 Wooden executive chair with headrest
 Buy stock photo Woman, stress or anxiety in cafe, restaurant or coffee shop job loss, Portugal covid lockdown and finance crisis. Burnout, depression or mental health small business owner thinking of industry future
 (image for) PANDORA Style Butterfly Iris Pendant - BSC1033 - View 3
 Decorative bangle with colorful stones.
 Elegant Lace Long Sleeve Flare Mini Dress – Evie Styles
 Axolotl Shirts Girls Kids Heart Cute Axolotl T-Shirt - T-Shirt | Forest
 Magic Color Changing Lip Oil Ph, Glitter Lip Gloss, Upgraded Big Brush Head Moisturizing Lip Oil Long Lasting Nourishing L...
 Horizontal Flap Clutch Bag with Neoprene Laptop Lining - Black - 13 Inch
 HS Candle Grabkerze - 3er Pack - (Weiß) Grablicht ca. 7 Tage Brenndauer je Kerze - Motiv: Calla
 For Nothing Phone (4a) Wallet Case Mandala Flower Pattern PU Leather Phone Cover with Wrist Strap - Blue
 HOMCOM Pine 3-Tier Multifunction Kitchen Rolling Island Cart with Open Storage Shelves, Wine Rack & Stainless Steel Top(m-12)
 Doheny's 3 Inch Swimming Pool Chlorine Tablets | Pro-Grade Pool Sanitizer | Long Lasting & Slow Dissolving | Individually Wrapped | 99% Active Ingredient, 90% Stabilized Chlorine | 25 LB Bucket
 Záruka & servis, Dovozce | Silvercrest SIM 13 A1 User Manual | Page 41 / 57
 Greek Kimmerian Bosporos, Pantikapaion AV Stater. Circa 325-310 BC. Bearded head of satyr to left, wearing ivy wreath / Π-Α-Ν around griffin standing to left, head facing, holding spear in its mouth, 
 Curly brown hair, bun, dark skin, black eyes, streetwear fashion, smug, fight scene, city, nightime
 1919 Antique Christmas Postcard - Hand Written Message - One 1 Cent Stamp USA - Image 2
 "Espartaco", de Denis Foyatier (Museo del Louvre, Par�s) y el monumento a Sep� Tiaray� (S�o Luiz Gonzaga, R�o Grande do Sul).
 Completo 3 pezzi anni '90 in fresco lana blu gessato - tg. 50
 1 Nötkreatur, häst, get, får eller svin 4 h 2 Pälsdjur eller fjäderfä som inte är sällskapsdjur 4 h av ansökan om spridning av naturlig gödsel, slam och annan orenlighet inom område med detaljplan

◆ ◆ ◆ ◆ ◆ ◆ ◆

## Exercise objective:
Look through the records and copy down every line that holds "Inch".

## Written reply:
 Horizontal Flap Clutch Bag with Neoprene Laptop Lining - Black - 13 Inch
 Doheny's 3 Inch Swimming Pool Chlorine Tablets | Pro-Grade Pool Sanitizer | Long Lasting & Slow Dissolving | Individually Wrapped | 99% Active Ingredient, 90% Stabilized Chlorine | 25 LB Bucket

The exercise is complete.